- Recorded data:
[Start of section]
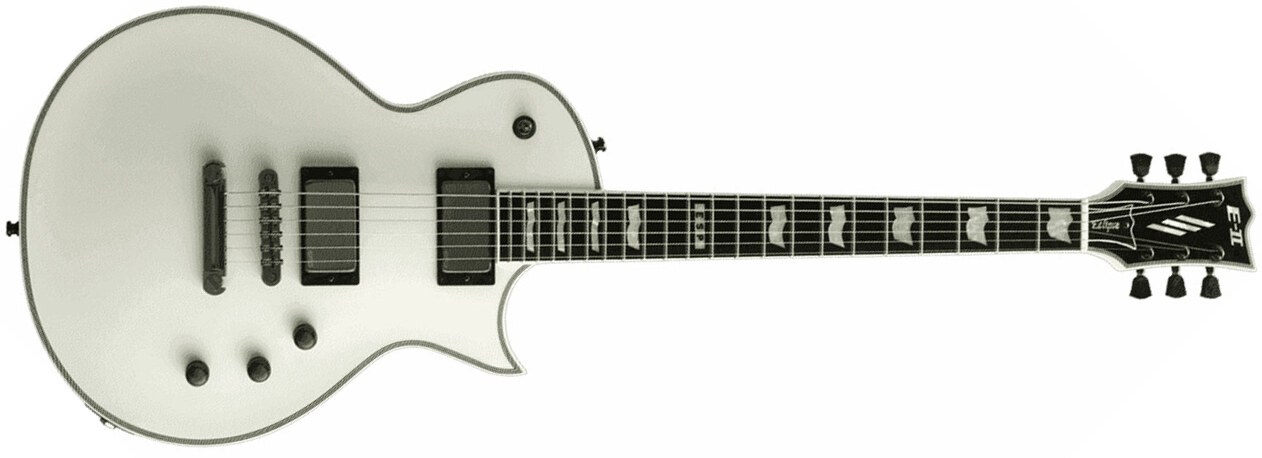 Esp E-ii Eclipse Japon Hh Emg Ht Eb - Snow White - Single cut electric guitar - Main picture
[End of section]
[Start of section]
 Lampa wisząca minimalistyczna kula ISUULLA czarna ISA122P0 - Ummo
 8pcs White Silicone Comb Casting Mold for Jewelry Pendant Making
[End of section]
- Directions: Extract the lines of the preceding material that run from the line with "Lampa wisząca minimalistyczna" through the line with "8pcs White Silicone", inclusive, reproducing them exactly and adding nothing.

- Response:
 Lampa wisząca minimalistyczna kula ISUULLA czarna ISA122P0 - Ummo
 8pcs White Silicone Comb Casting Mold for Jewelry Pendant Making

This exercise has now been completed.